= WHAT IS NEEDED =
Skip pictures in the listing below; copy exactly the lines from the one with "- T5100D Thompson" through the one with "Dátiles con bacon LA SELVA", inclusive.

= PROVIDED RECORDS =
━━━━━━━━━━━━━━━━

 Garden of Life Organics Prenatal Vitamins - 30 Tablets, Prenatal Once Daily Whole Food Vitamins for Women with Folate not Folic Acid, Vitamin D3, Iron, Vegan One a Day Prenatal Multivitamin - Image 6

━━━━━━━━━━━━━━━━

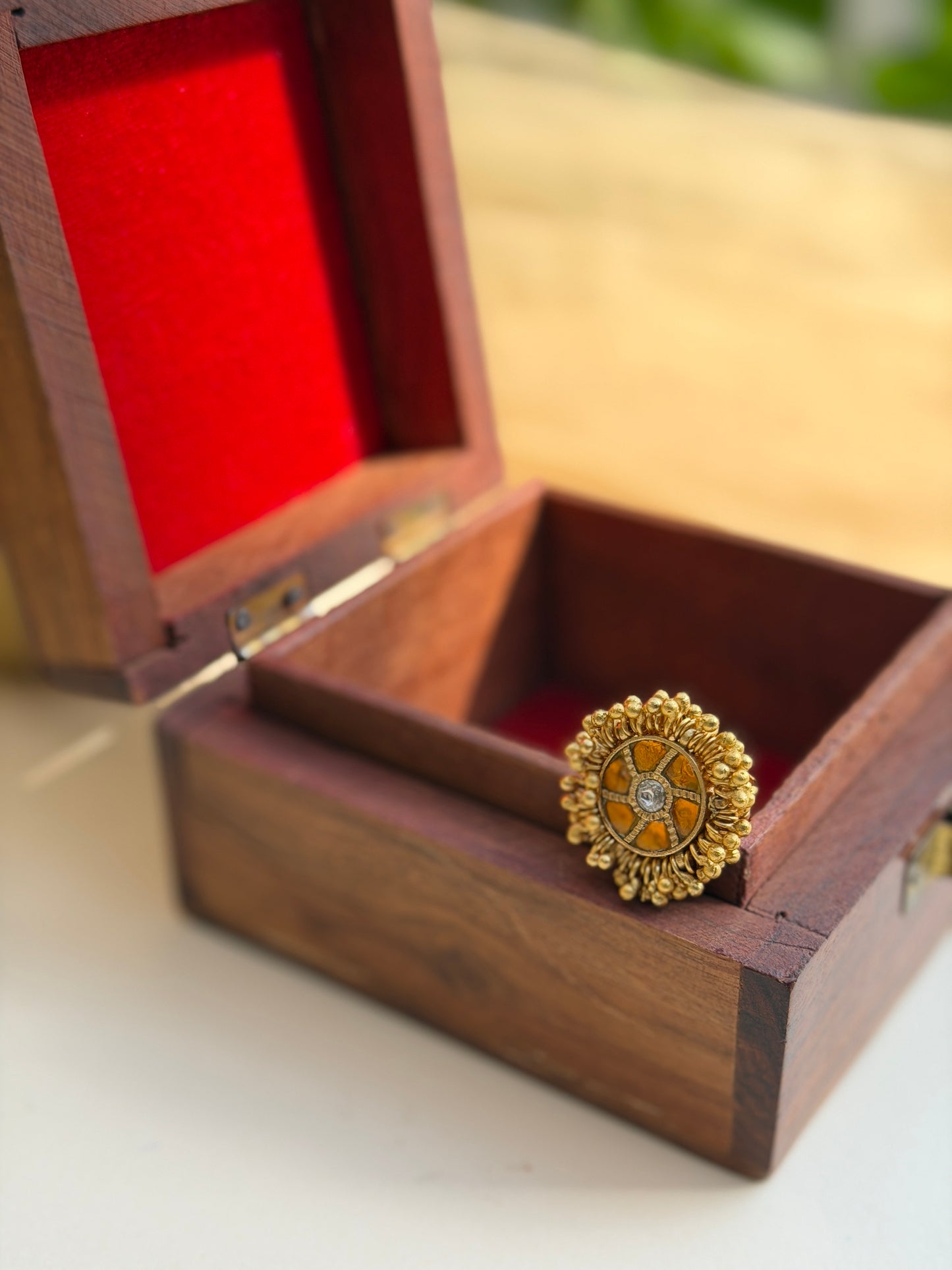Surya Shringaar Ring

━━━━━━━━━━━━━━━━

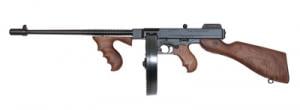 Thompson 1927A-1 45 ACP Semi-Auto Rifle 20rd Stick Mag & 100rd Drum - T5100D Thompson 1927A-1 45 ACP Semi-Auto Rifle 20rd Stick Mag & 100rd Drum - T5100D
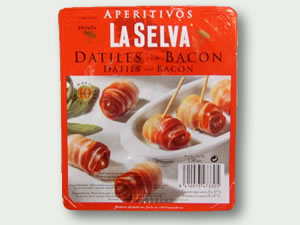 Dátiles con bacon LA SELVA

━━━━━━━━━━━━━━━━

= OUTPUT OF THE EXERCISE =
 Thompson 1927A-1 45 ACP Semi-Auto Rifle 20rd Stick Mag & 100rd Drum - T5100D Thompson 1927A-1 45 ACP Semi-Auto Rifle 20rd Stick Mag & 100rd Drum - T5100D
 Dátiles con bacon LA SELVA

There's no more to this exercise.